I know the pasting functionality that MESS has. It wasn't working well for MC-1000, then I recoded the keyboard input code and fixed it. Now it works almost properly, but the frequency of the pseudo-keystrokes is a bit too fast for pasting a long BASIC program, or one that has long lines, for instance. The time needed to process the input after every ENTER (tokenize the line and add it to the end of the program in RAM) causes the loss of the next keystroke (the first digit of the line number of the next line). I don't know if the frequency of these pseudo-keystrokes is adjustable in MESS.
Anyway, a long program still takes a lot of seconds to be inserted by this "pseudo-typed" pasting. The "injection" of data is
immediate, and much more convenient. You can prepare a program in a text editor and paste it to the emulator every now and then for quick tests.
concerning the original post, I think that he talks about something different.
Yes.
However:
1. copying and pasting RAM content requires some sort of snapshot format to be created,
For BASIC programs, the format would be the program in text form. (Some escaping method could be considered to represent non-ASCII characters that many machines have.)
For generic RAM data, the format would be the same as in the Debugger's Memory Window: each line starts with an address, followed by a series of bytes to be inserted from that point on. (All hexadecimal, of course.) Example:
3000 00 00 00 00 00 00 00 00 10 10 10 10 10 00 10 00
3010 28 28 28 00 00 00 00 00 28 28 7c 28 7c 28 28 00
3020 10 3c 50 38 14 78 10 00 60 64 08 10 20 4c 0c 00
3030 20 50 50 20 54 48 34 00
Some tagging convention could identify specific pieces/banks of RAM:
[bank 1]
0000 00 00 00 00 00 00 00 00 10 10 10 10 10 00 10 00
[bank 2]
0000 00 40 40 48 43 20 30 33 34 4f 3b 20 20 20 20 20
and however I think you can already use the debugger for that
Eh? I looked and found no copying or pasting feature in the debugger. Only direct typing.
2. BASIC tokens manipulation can be added to imgtool (I think coco supports this already if you need an example)
Ugh, that stills involves creating a file (disk image?) in your system and loading it into the computer.
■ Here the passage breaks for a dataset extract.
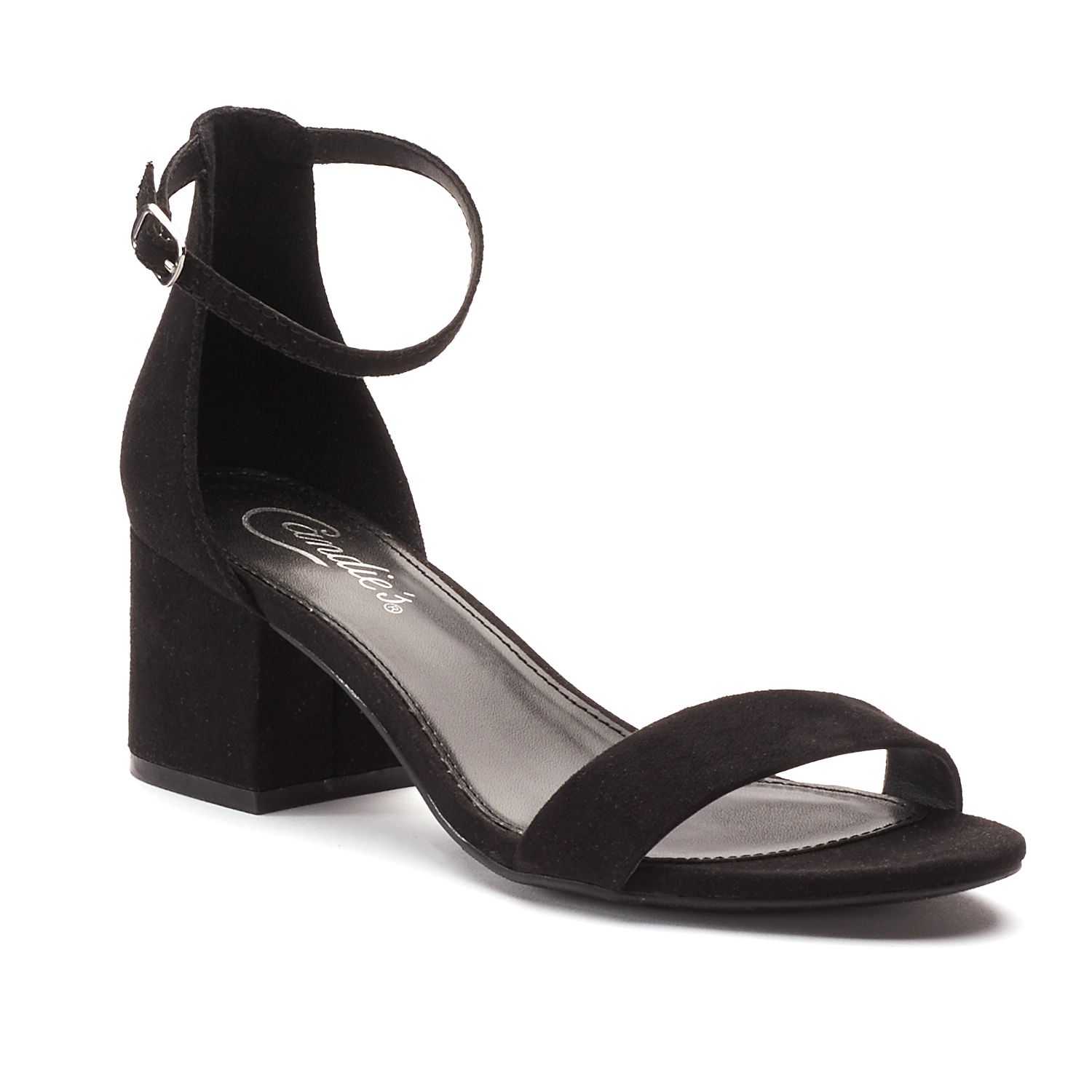 black block heel evening shoes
And the machine emulated must have its disk capabilities implemented in MESS, which not all do.
3. copying the screen content is something that I have no idea how could be implemented across the various different systems: one should probably intercept all the accesses to the RAM/VRAM and select the specific ones (it also reminds me too much the old hack used for c64 floppies, so that thinking to it already gives me nightmares...
)
As it is the case with (de)tokenizing BASIC programs to/from the clipboard, that feature would need to be programmed independenty for each machine, with direct access to the (V)RAM.
Different machines have different BASIC dialects, with different tokens, stored in different formats at different points of memory. Internal pointers must be properly so that the machine knows the size of the program area.
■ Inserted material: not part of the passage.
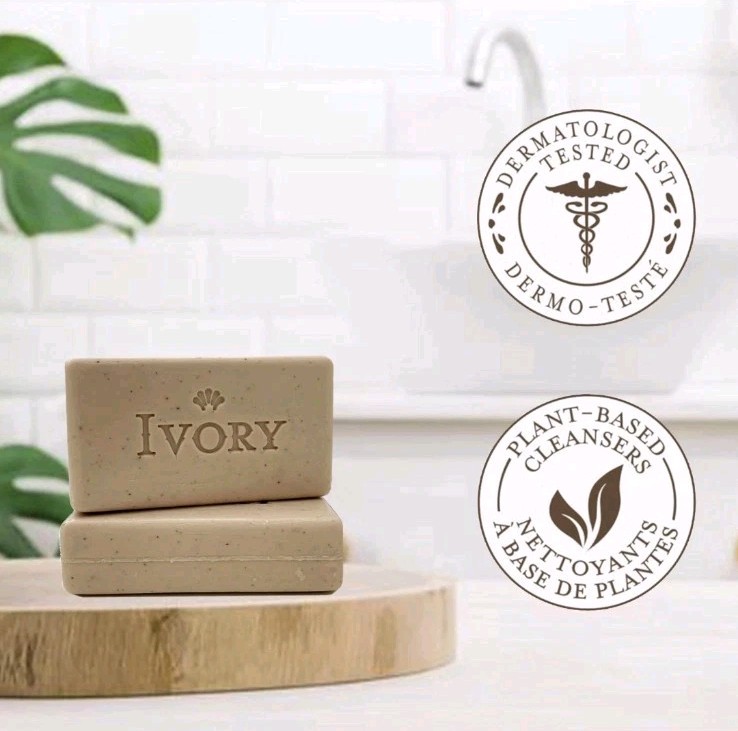 🤎 IVORY 🤎 4-BARS 3.17 Oz 🫧 ●VANILLA & OAT MILK● 99% Pure Safe Clean & Simple•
As for the text screen, different machines have different screen sizes, different character sets, and so on... Some don't even have a "text" screen at all. In ZX Spectrum, for instance, characters shapes are stamped on a graphical screen, and the machine doesn't differentiate them from any line or dot plotted. It would be needed to compare every 8-byte-high screen square with the shapes in ROM to recognize the "text" content of the screen. For other machines, as those based on MC6847 like MC-1000 and the CoCo, it would be very trivial.